On a $50,000 China-origin electronics shipment in 2026, those additional costs commonly total $15,000–$25,000 — a 30–50% premium over the FOB price. The three biggest underestimated line items are the Section 301 tariff (7.5%–145% depending on HTS code and origin), the IEEPA baseline tariff (10% for most non-China countries), and MPF (0.3464% of commercial invoice value, $32.71 minimum, $634.62 maximum per entry).

Merchandise Processing Fee (MPF): 0.3464% of declared commercial value. Required on all formal entries. Harbor Maintenance Fee (HMF): 0.125% of commercial value, applies to ocean freight shipments. Section 301 (China): Additional duty on 4 tariff lists covering most manufactured goods — rates vary from 7.5% to 145% by HTS code. Section 232 (Steel & Aluminum): 25% on steel products (HTS chapters 72–73), 10% on aluminum (chapter 76), from most origins. Section 122 surcharge: 15% surcharge active since February 24, 2026, applied across broad product categories.

Why does this matter for sourcing decisions? Because landed cost determines true margin, not FOB price. A Vietnam-origin product with a 12% MFN duty might have a lower landed cost than a China-origin product with a 0% MFN duty if the Section 301 surcharge on the China product is 25%. The only way to make accurate sourcing comparisons is to calculate the full duty stack for each origin country and HTS code combination — which is what this tool does automatically.

Note: Calculations are estimates for planning purposes. Actual landed cost depends on final CBP classification, port of entry, Incoterms, and carrier rates. Confirm all duty amounts with a licensed customs broker before filing entry.

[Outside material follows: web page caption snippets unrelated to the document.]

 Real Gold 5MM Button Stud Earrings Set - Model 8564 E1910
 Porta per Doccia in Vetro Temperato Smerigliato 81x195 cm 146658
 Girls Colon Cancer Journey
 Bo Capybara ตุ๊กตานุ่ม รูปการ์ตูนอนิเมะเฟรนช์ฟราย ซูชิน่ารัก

Frequently Asked Questions — Landed Cost Calculation

What does landed cost include?

Landed cost includes product cost (FOB or EXW), international freight (ocean or air), marine cargo insurance (typically 0.5–1% of commercial value), US import duty (MFN base rate), any Section 301/232/IEEPA additional tariffs, Merchandise Processing Fee (MPF at 0.3464%), Harbor Maintenance Fee (HMF at 0.125% for ocean), and customs broker fees ($150–$500 per entry). Some importers also include port drayage, deconsolidation fees, and inland freight to warehouse.

How is import duty calculated?

Import duty is calculated as a percentage of the customs value (usually CIF — cost + insurance + freight). The duty rate is determined by the HTS code and country of origin. For a China-origin product with a 25% Section 301 tariff on top of a 5% MFN rate, the effective duty rate is 30% of the customs value. Enter your HTS code and country above to get the exact stacked rate.

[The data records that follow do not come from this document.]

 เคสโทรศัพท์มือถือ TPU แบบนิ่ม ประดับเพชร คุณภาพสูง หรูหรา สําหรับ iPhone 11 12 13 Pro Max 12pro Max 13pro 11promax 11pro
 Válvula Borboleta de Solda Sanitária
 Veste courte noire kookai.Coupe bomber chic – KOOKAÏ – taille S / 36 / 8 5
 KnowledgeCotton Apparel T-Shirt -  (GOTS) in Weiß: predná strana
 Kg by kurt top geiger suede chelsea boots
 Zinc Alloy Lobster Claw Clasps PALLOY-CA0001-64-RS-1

What is the Merchandise Processing Fee (MPF)?

The MPF is a CBP user fee of 0.3464% of declared commercial value, with a minimum of $32.71 and a maximum of $634.62 per entry (2026 rates). It applies to all formal entries (shipments valued over $2,500). USMCA-qualifying imports from Canada and Mexico are exempt from MPF. The MPF is a fixed cost per entry — splitting large shipments into multiple entries increases total MPF paid.

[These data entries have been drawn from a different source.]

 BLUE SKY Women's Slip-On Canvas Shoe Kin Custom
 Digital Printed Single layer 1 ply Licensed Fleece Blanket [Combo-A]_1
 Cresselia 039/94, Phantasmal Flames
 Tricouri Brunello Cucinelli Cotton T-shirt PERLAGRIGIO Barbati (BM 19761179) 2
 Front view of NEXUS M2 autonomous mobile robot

How do Section 301 tariffs affect landed cost?

Section 301 tariffs add 7.5%–145% on top of the MFN base duty for goods originating in China, varying by HTS code and List (1–4B). They are stacked on top of base duties — so a product with a 10% MFN rate and a 25% Section 301 rate pays 35% total. Section 301 is the primary reason China-origin goods have dramatically higher landed costs than equivalent goods from Vietnam, Mexico, or India.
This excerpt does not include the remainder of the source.